Издалека он приметил, что на проводах линии электропередачи что-то болтается. Подходя все ближе, он пытался отгадать, что же это такое – то ли тряпка большая, то ли мешок какой. Наконец, стало понятно, что это воздушный змей в виде плоского краснокрылого самолета. Одно крыло его сейчас было сломано и безвольно свисало, часть хвоста была разорвана порывами осеннего ветра.
Вид у него был жалкий, и Грише показалось, что есть что-то между ними общее: он сейчас тоже находился между небом и землей, и не в мире суеты, и не в церкви, где все было свято и воздушно. Он тяготел к небесному, Божьему, но совсем преодолеть тяготение греха не мог и оттого чувствовал себя застрявшим меж двух миров, как этот беспомощный воздушный змей, трепыхающийся на ветру.
В деревне после чая с городскими гостинцами и деревенской пальцем пханой колбасой все приступили к работе. Сегодня Гриша получил задание собрать лук. Он помнил, как весной садил маленькие луковички, как летом поливал бойкие зеленые всходы, и сейчас ему было жалко и досадно смотреть на жухлые коричневые стрелки, спутанно лежавшие на земле.
А ведь жизнь человека похожа на эти луковички… Встает на грядке молодой лук, зеленеет, высоко поднимается – это молодость. Потом стебли крепчают, твердеют, грубеют – это зрелость. Потом они жухнут, вянут, а после и вовсе на землю падают – это старость. Приходит время – луковицы достают из земли и складывают в кучи. Выглядят они тогда довольно жалко, как горка трухи.
Потом эту кучу перебирают, шелуху отбрасывают в мусор, а очищенные луковицы раскладывают для просушки. И так приятно посмотреть на желтые, фиолетовые луковицы! Старость – не только ветшание тела, за дряхлеющей оболочкой прячется дозревающий дух.

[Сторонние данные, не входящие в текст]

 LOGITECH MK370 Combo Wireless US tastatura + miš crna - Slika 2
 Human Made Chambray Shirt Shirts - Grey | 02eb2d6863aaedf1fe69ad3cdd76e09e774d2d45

Гриша не стал бы думать об этом, если бы не заметил на днях, что у него друзья, если их можно было назвать друзьями, – дядя Ваня, Миша – старше его. В церкви он тянулся к старичкам, как Геннадий Львович и Михаил Аркадьевич. Со сверстниками в школе и во дворе ему было неинтересно, они все задержались в детстве, а он уже был выше их.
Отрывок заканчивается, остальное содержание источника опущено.